Precisamente cuando no aparecen alternativas al capitalismo en ninguna parte, la izquierda chilena se encuentra con la posibilidad de construir una propuesta electoral que se diferencie del modelo social de mercado que impulsaron todos los Gobiernos desde 1990 en adelante. El quiebre con la PDC supone la renuncia a la moderación que impulsaba ese partido. Ahora, sin correa al cuello, la izquierda podrá proponer el modelo en el que realmente cree para superar al capitalismo.

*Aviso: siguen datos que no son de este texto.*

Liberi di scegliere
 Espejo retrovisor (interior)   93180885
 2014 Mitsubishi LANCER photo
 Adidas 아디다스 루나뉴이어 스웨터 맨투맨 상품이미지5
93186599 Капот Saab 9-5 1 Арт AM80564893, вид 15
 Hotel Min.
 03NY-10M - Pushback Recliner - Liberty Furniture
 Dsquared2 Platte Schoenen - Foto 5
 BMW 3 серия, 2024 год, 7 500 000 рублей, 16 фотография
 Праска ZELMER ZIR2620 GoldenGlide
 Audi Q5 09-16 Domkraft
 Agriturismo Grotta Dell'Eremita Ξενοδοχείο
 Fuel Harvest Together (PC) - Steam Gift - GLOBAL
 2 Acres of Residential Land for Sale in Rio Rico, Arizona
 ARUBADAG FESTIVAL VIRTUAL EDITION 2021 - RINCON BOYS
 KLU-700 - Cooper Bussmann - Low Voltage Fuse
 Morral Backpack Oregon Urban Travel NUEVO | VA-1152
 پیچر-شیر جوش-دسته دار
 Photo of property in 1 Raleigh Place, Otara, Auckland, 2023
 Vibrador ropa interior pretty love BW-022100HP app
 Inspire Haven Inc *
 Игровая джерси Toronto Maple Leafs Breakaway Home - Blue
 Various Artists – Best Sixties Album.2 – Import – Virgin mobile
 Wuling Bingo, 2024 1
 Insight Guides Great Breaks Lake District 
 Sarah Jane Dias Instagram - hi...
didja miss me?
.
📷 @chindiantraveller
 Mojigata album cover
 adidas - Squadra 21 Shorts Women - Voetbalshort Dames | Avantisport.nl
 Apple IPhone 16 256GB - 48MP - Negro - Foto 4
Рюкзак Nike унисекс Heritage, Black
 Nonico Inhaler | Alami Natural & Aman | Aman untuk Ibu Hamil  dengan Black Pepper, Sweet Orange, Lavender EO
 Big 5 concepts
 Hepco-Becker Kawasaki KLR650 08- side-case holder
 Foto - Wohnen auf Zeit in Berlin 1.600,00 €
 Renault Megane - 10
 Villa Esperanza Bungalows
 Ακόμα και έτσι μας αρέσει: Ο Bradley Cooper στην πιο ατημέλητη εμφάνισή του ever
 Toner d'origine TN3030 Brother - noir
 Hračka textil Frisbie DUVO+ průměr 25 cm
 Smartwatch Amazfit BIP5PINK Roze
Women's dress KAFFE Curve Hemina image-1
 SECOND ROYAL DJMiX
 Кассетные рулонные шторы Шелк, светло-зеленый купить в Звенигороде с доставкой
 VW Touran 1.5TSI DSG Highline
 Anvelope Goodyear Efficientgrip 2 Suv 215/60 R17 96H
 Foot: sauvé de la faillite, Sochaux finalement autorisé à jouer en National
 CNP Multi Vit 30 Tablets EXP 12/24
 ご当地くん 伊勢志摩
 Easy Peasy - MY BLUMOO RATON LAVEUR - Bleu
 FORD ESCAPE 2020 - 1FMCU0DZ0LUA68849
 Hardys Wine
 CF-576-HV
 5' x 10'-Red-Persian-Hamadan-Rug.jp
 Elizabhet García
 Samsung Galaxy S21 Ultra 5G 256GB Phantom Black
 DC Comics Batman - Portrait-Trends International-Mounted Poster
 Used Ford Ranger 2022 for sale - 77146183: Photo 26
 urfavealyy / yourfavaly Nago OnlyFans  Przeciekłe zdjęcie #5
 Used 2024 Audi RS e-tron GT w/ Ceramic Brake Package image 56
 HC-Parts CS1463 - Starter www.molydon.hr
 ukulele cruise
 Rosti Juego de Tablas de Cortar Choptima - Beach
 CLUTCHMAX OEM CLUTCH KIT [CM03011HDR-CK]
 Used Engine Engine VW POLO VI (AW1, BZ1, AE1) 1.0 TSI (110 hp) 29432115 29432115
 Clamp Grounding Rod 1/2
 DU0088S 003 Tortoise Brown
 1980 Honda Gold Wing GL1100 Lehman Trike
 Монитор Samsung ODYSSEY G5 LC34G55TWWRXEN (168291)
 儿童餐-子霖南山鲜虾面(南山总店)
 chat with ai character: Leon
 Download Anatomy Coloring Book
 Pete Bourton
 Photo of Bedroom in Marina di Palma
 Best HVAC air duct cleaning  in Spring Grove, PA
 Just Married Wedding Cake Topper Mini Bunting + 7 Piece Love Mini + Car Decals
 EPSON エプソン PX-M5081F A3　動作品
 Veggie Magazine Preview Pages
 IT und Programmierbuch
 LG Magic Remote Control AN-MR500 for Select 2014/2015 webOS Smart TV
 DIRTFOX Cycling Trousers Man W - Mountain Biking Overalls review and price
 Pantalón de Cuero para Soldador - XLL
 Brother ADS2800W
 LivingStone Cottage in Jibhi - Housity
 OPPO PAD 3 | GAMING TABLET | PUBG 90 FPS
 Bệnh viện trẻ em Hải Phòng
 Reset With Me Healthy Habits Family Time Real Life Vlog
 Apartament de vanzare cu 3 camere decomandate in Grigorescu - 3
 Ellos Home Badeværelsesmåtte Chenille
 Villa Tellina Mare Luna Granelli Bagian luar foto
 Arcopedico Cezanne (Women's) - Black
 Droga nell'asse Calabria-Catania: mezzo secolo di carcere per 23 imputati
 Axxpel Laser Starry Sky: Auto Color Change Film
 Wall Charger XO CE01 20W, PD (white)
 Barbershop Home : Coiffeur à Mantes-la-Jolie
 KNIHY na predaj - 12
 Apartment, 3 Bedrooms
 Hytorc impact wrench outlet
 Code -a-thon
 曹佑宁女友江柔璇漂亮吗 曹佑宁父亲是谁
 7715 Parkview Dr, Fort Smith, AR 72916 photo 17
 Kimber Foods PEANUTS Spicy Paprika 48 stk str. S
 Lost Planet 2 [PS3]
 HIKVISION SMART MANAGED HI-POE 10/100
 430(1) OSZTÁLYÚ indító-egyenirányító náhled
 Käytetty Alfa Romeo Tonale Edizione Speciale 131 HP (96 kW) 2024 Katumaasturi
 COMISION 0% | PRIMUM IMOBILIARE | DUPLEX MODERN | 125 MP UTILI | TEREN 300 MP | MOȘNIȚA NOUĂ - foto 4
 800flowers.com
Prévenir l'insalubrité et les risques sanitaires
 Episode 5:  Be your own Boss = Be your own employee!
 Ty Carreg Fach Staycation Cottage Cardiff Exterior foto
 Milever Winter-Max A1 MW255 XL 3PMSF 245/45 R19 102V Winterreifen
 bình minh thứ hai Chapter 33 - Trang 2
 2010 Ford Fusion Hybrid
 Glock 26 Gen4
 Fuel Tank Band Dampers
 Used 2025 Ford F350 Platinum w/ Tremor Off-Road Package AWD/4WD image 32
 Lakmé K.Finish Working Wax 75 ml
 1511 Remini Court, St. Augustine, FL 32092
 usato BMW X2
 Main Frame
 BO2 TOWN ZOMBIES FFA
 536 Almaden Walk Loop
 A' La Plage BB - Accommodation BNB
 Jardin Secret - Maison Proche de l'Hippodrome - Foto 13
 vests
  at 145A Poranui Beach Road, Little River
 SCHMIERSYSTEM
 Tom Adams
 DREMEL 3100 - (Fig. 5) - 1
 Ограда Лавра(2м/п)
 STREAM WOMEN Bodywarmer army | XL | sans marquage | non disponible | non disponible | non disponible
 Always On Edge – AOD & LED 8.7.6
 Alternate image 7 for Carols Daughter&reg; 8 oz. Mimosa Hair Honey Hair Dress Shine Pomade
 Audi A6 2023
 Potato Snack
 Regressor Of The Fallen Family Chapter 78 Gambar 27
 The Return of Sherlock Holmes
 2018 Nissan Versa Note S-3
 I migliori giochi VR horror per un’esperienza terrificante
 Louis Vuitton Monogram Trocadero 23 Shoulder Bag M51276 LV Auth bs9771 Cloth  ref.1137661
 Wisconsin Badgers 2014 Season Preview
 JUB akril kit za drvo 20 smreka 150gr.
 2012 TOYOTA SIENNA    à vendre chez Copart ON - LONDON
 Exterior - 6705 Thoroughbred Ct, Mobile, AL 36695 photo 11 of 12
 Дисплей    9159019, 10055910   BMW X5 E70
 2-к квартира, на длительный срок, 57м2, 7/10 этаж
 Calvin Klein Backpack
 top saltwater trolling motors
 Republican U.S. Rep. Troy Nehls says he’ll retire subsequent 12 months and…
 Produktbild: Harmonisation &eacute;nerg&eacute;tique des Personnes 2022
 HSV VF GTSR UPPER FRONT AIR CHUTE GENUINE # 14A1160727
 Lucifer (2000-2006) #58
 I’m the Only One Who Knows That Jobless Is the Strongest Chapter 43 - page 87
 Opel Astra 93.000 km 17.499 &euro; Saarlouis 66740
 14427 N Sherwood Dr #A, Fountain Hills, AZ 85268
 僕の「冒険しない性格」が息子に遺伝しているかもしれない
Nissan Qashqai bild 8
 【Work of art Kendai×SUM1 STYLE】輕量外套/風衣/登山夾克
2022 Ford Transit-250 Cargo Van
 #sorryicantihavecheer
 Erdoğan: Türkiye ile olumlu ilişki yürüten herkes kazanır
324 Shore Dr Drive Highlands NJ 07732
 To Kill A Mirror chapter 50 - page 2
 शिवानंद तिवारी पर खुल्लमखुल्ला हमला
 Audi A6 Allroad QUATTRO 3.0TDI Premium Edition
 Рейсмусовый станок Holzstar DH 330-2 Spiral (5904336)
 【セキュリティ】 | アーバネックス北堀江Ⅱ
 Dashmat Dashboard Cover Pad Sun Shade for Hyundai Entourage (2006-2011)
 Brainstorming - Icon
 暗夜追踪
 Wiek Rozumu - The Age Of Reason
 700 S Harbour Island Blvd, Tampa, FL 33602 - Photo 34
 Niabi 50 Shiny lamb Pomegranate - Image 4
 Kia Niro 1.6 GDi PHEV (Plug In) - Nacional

Aunque muchos parecen entusiasmados con la oportunidad, han bastado unas semanas desde que desapareció el veto de centro para que quede en claro que la izquierda solo se une en su rechazo al modelo actual. Mientras los moderados —cercanos al laguismo— promueven políticas de competencia y mercado, los revolucionarios del Frente Amplio impulsan abandonar el barco del capitalismo (que ya se hunde, según ellos) y saltar a un barco que iremos construyendo participativamente todos mientras flotamos en alta mar. El candidato oficial de los partidos de izquierda, el senador Alejandro Guillier, personifica la confusión al pasar de las promesas refundacionales un día a un discurso de mejoras de lo que hay al día siguiente.
Por casi 30 años la izquierda culpó a sus socios de centro por las políticas amigables con el mercado que impulsaron los Gobiernos de la Concertación y la Nueva Mayoría. Ahora que esa excusa ha desaparecido, la izquierda se ve enfrentada a la dura realidad de reconocer que, aunque los une su rechazo al modelo, ese sector no tiene una hoja de ruta alternativa para construir una alternativa al capitalismo. Por eso, si la izquierda llega a ganar el poder, por más nerviosos que se pongan algunos, entre seguir la derrotada vía del socialismo cubano o chavista, la izquierda chilena solo podrá, siguiendo el ejemplo de Aylwin, darle un rostro humano al neoliberalismo.